NYPD Officials Booted for Being Too Drunk to Fly to Afghanistan for Training Trip

New York Police Department Chief of Counterterrorism James Waters.

Six-high ranking officials at the NYPD had to cancel a trip to Afghanistan last week after two cops were booted from their military flight over concerns they were too drunk to fly.

The elite cops were on their way to the war-torn country for a weeklong trip to teach NYPD counterterrorism and crimefighting tactics to soldiers who train Afghan officers, a police source said.

The group included Chief of Counterterrorism James Waters; Lt.
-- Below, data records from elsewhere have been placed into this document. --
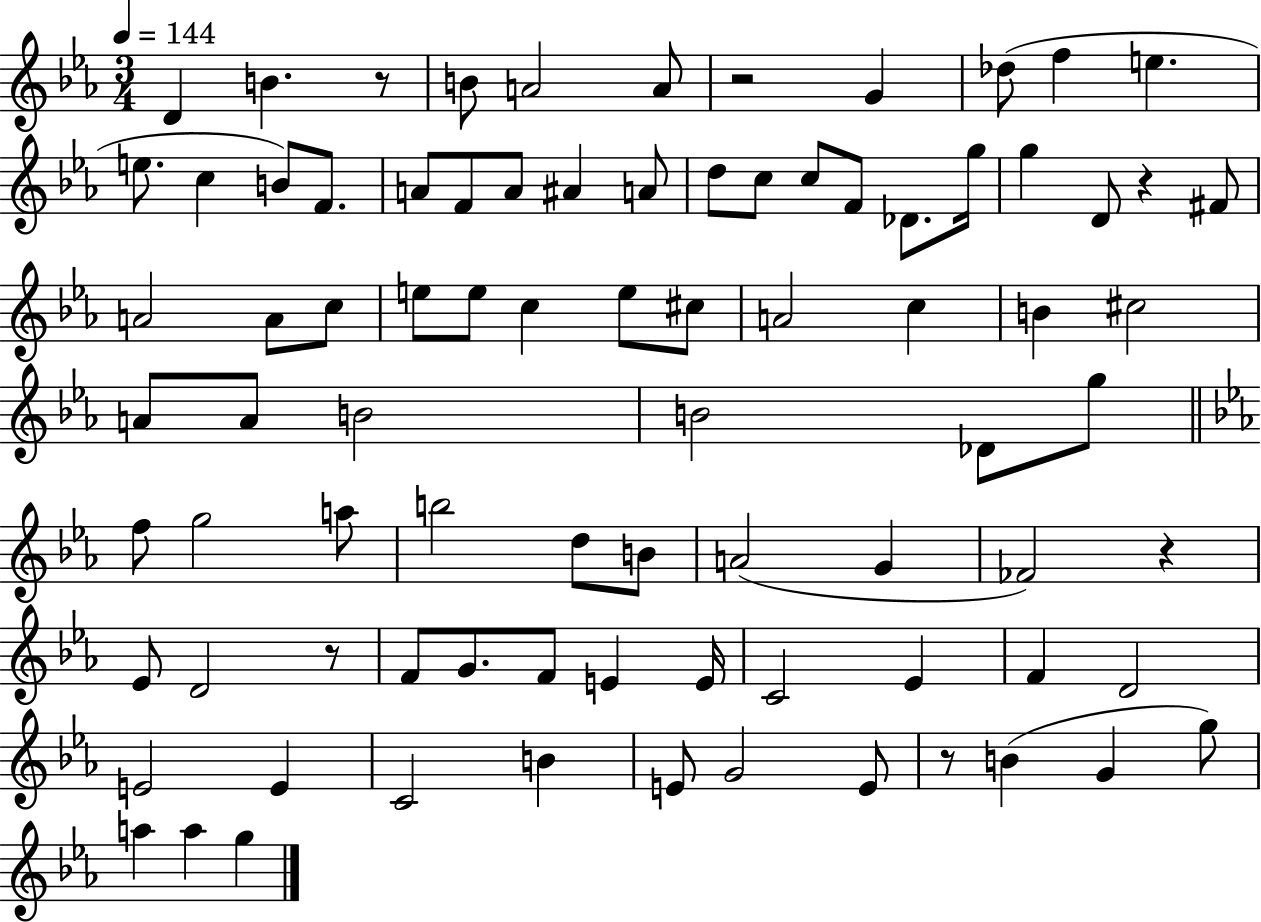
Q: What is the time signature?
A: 3/4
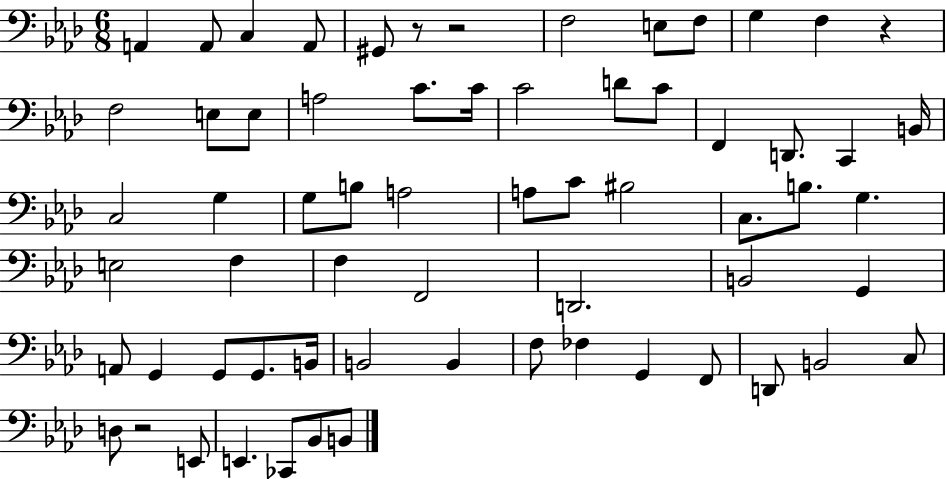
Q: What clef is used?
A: bass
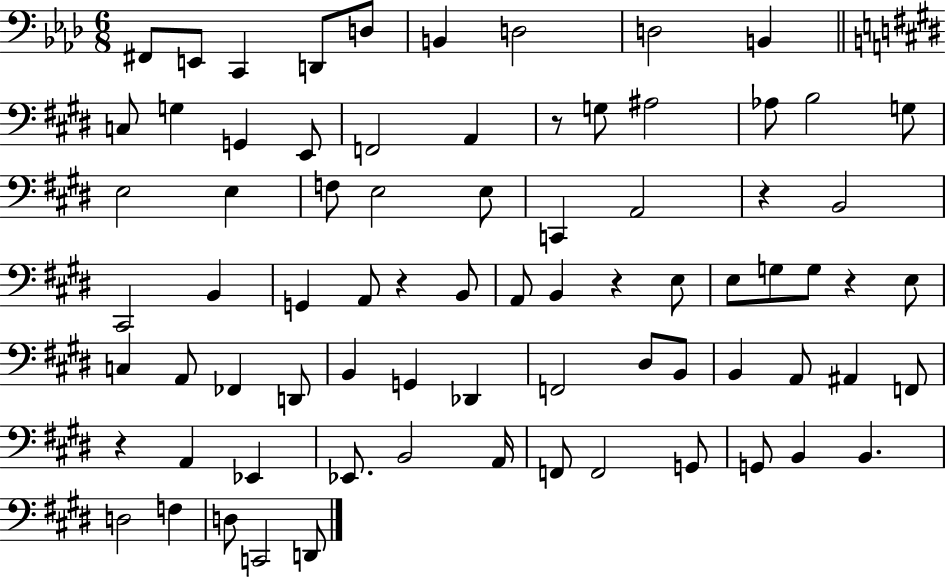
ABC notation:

X:1
T:Untitled
M:6/8
L:1/4
K:Ab
^F,,/2 E,,/2 C,, D,,/2 D,/2 B,, D,2 D,2 B,, C,/2 G, G,, E,,/2 F,,2 A,, z/2 G,/2 ^A,2 _A,/2 B,2 G,/2 E,2 E, F,/2 E,2 E,/2 C,, A,,2 z B,,2 ^C,,2 B,, G,, A,,/2 z B,,/2 A,,/2 B,, z E,/2 E,/2 G,/2 G,/2 z E,/2 C, A,,/2 _F,, D,,/2 B,, G,, _D,, F,,2 ^D,/2 B,,/2 B,, A,,/2 ^A,, F,,/2 z A,, _E,, _E,,/2 B,,2 A,,/4 F,,/2 F,,2 G,,/2 G,,/2 B,, B,, D,2 F, D,/2 C,,2 D,,/2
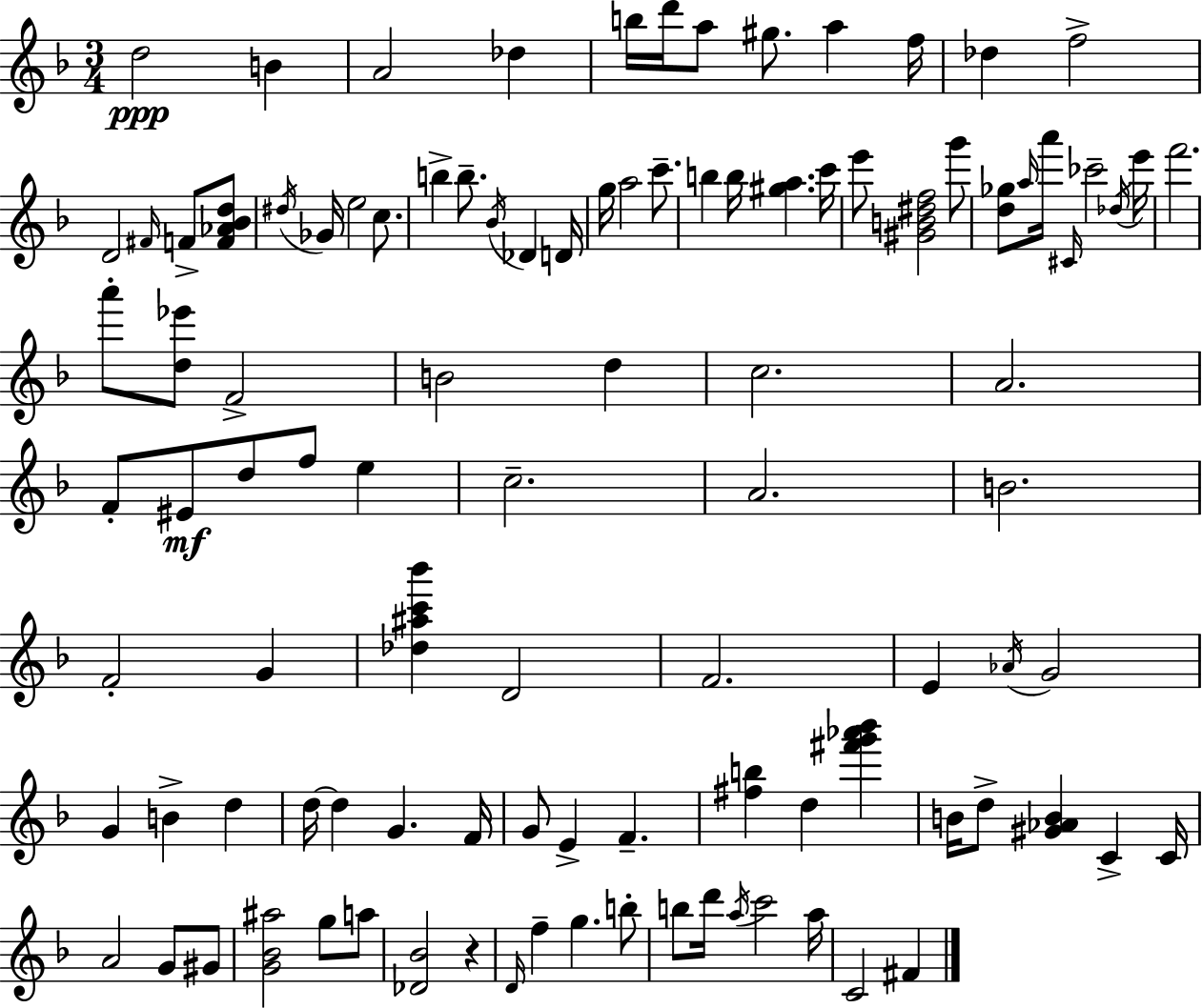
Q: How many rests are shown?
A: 1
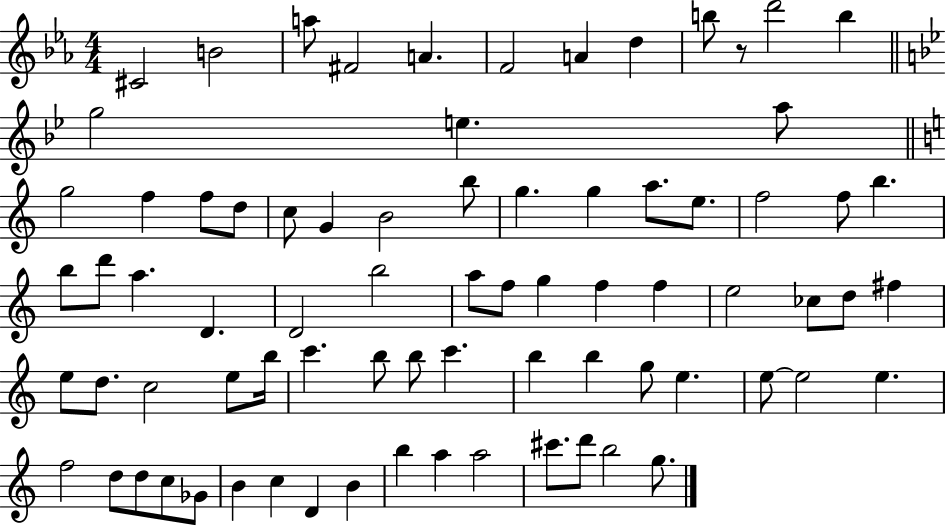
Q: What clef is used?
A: treble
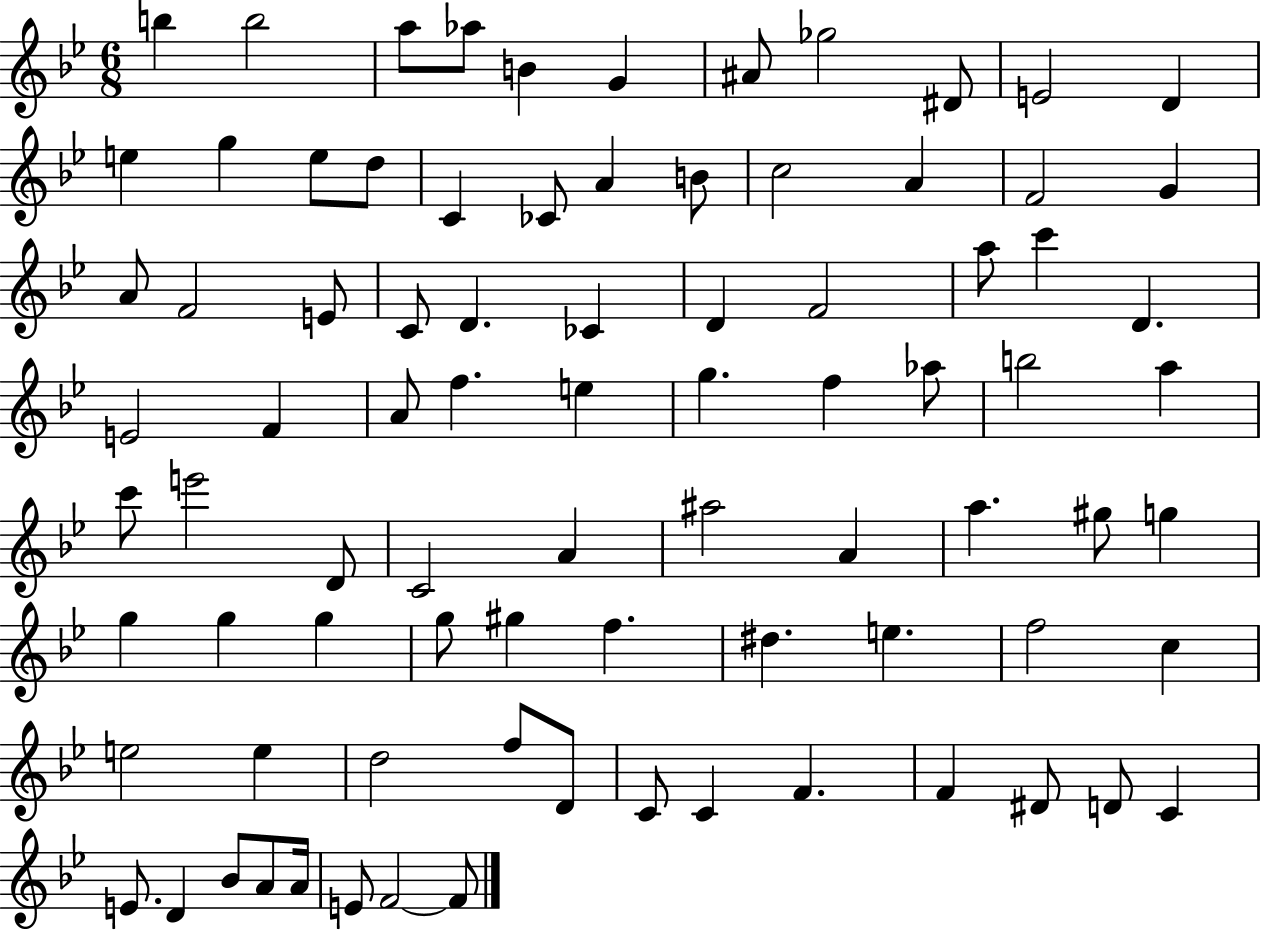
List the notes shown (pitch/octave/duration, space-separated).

B5/q B5/h A5/e Ab5/e B4/q G4/q A#4/e Gb5/h D#4/e E4/h D4/q E5/q G5/q E5/e D5/e C4/q CES4/e A4/q B4/e C5/h A4/q F4/h G4/q A4/e F4/h E4/e C4/e D4/q. CES4/q D4/q F4/h A5/e C6/q D4/q. E4/h F4/q A4/e F5/q. E5/q G5/q. F5/q Ab5/e B5/h A5/q C6/e E6/h D4/e C4/h A4/q A#5/h A4/q A5/q. G#5/e G5/q G5/q G5/q G5/q G5/e G#5/q F5/q. D#5/q. E5/q. F5/h C5/q E5/h E5/q D5/h F5/e D4/e C4/e C4/q F4/q. F4/q D#4/e D4/e C4/q E4/e. D4/q Bb4/e A4/e A4/s E4/e F4/h F4/e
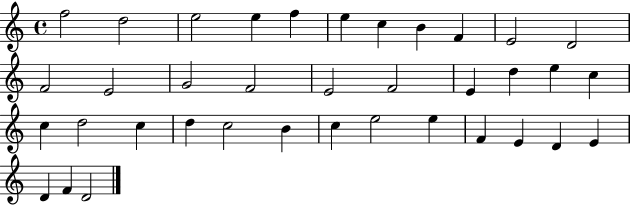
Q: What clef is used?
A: treble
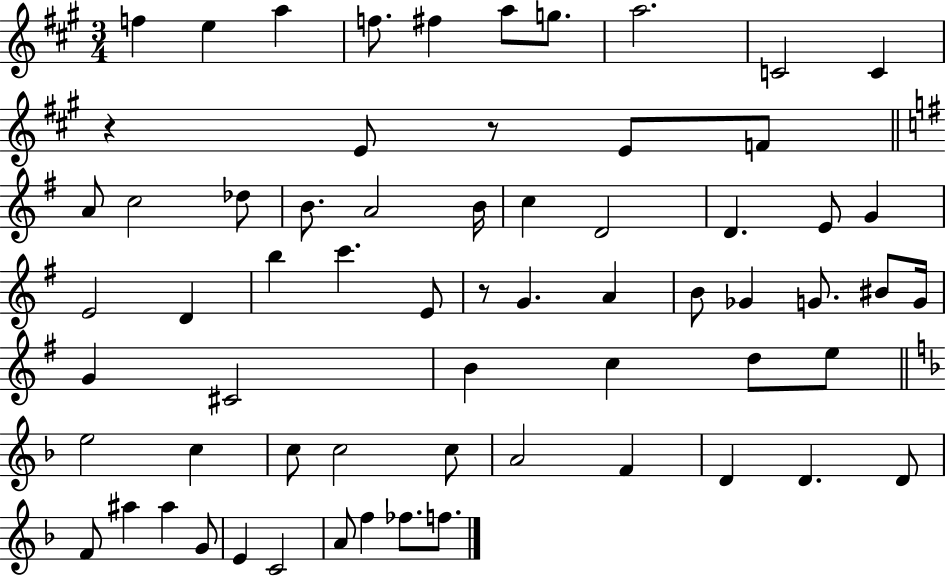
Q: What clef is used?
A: treble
Chris Zimmerman, commander of the hostage negotiation team; Deputy Chief Scott Shanley, head of the department’s Critical Response Command, and Counterterrorism Capt. Daniel Magee.

After the brass got to Baltimore-Washington International Airport, they were told the Army chartered plane was delayed by three hours, sources told The News.

They went to a restaurant, got dinner and downed cocktails while waiting, a police official characterized their alcohol intake as “a few” drinks.

The group was not armed, sources said.

When the officers boarded the Kabul-bound plane — along with about 200 other passengers — members of the jet crew raised questions about whether Shanley and Magee were sober enough to take the 14-hour flight, sources told The News.

One police source said the six cops argued with the crew — Magee particularly loudly — but a police official said there was only a “discussion” between the two groups.

“There was no argument,” the source said. “(Waters) spoke to the crew. There’s a feeling that the crew kind of overreacted.”

After that, Waters decided all of the officers had to deplane.

“They all left because they had set up a training program and all of them needed to be in Afghanistan to do it,” the police source said.

The cops had to come back to the city, sources said.

“Look, no one feels good about it, but they are still going to do it probably in October,” a police official said.

Under Department of Defense regulations, passengers may be denied boarding or transport if they are unruly, under the influence of drugs or alcohol that may create a hazard or disruptive.

Deputy Commissioner Stephen Davis, a police spokesman, said the NYPD is looking into the Aug. 10 incident.

“I am aware of no misconduct that occurred,” said Roy Richter, president of the NYPD Captains Endowment Association. “This was a training operation that has been delayed and will be rescheduled sometime in the future.”

Waters, who spent Thursday checking on counterterrorism preparations after the attack in Barcelona, could not be reached for comment.

Shanley and Zimmerman did not return phone messages. There was no answer on Magee’s line.

The Pentagon could not provide any information on the incident Thursday.